In a business world that has never been more aggressive and difficult to work in can you really afford to operate at anything below peak-performance?
Why do you need a CRM system in your life?
This month’s guest post is by David Blumentals all the way from Sydney. David is focused on providing CRM software to the legal sector based on the Microsoft Dynamics platform. His firm has clients in Europe, the Asia Pacific rim and America and he is a recognised expert in his field.
If you want to know more about what David does please click here……
I talk to a lot of law firms who are considering the implementation of a CRM system for Client Relationship Management, and many of them still don’t have a firm grip on what CRM is, why they need it and what results it can bring to them. They aren’t sure what they should spend and they wonder, “How do I justify this system?” Many firms have also put their CRM projects on hold as a result of other IT projects, the economy, or because they think what they have now is OK. What priority should you give to CRM system?
Let’s clarify what you need to know, and if you need a CRM system.
It’s All About Acquire – Engage – Retain!

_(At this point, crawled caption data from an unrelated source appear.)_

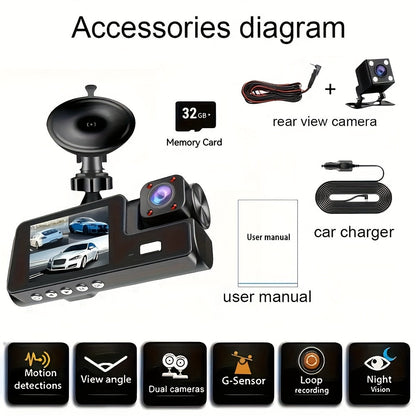 3 Channel Dash Cam 4K Front + 4K Interior + 1080P Rear with Free 32GB Card, Night Vision, G-Sensor, Wide Angle, Real-Time Recording & Parking Monitor – Velora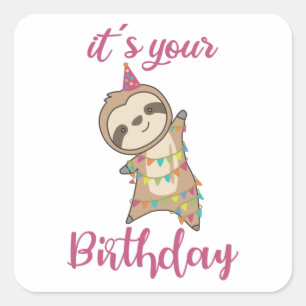 Adesivo Quadrado Feliz Aniversário Te Deseja Leve Bonita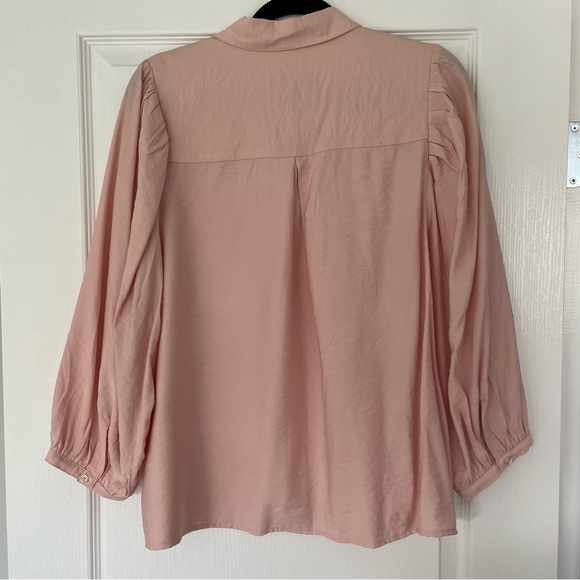 BANANA REPUBLIC | Crepe Balloon Sleeve Button Up Blouse - Size L - Picture 2 of 7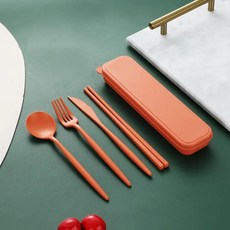 휴대용 숟가락 포크 젓가락 칼 커트레이 여행용 상자 밀 빨대, 4.orange1
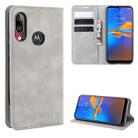 For Motorola Moto E6 Plus  Retro-skin Business Magnetic Suction Leather Case with Purse-Bracket-Chuck(Grey) - 1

The goal of most law firms is to make a profit by acquiring, engaging and retaining clients. The truth is… that most law firms do a poor job of marketing, managing clients and growing business development.

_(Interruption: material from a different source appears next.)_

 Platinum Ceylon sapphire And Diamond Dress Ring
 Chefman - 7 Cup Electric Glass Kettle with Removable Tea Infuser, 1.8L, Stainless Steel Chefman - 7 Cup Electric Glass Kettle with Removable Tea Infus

So why do you need CRM? Because the problem is… you don’t know which clients you will lose, how many you have called on, or what the rest of your firm is doing that will affect your success or failure. Just knowing how many calls to clients or prospective clients have been made is often done by asking them!

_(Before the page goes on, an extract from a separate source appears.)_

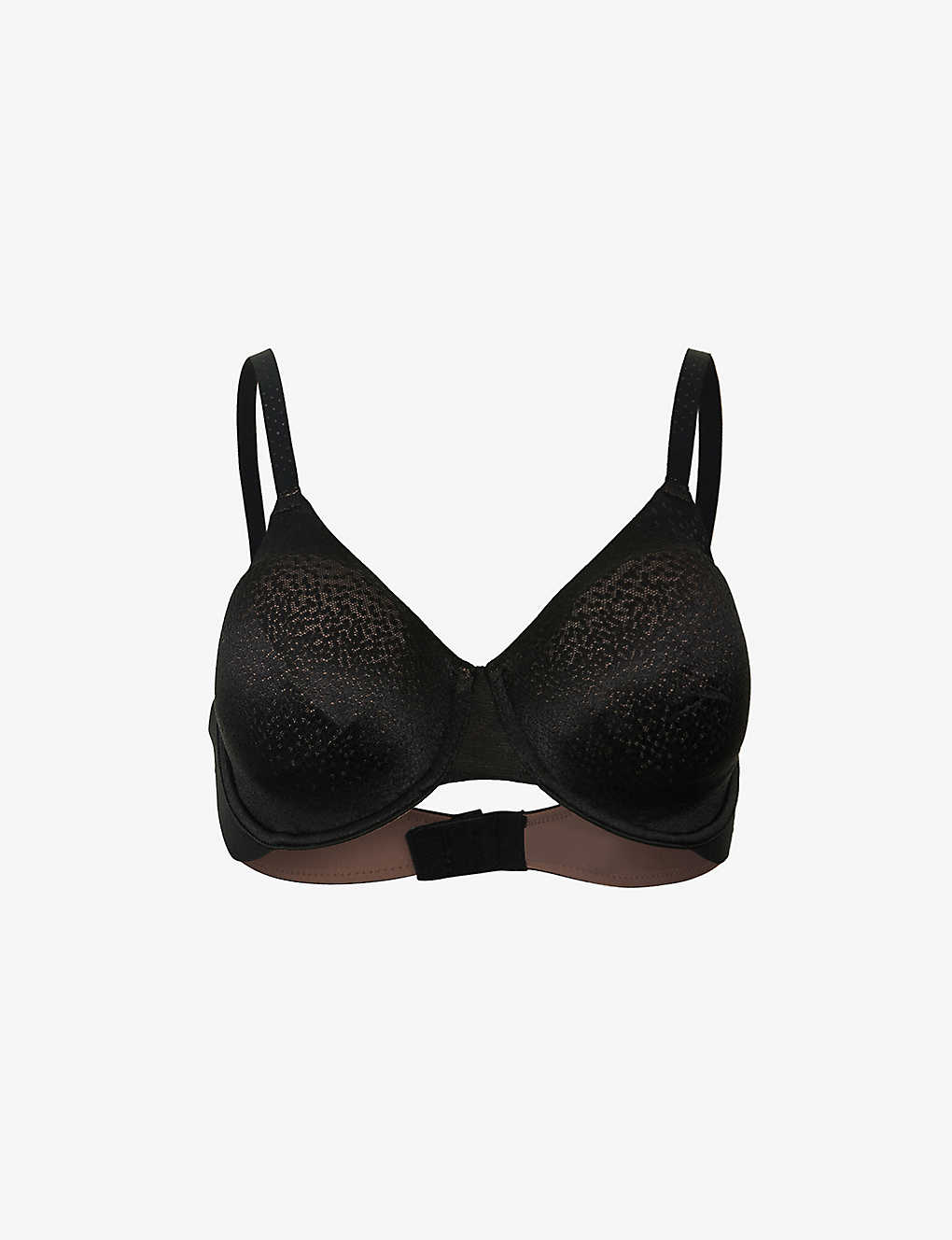 Shop Wacoal Back Appeal Jacquard-print Underwired Stretch-woven Bra In Black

For years, law firms relied on lawyers to maintain good relationships with clients. They kept their own client records in rolodexes, followed up on new opportunities with sticky notes and grew the client base and service reputation by doing great legal work. But when lawyers change firms, or the partners don’t know what the lawyers have promised (and vice-versa), this gets many firms in trouble.
Six Good Reasons You Need a CRM System
- Centralised Information – How many new client prospect telephone calls do your lawyers make each day? Does everyone who communicates with a client know what other practice groups said to them or did for them? Is all client information kept in one area or program for easy client service reference? Do you have several databases of information that you need access for a 360 degree client view?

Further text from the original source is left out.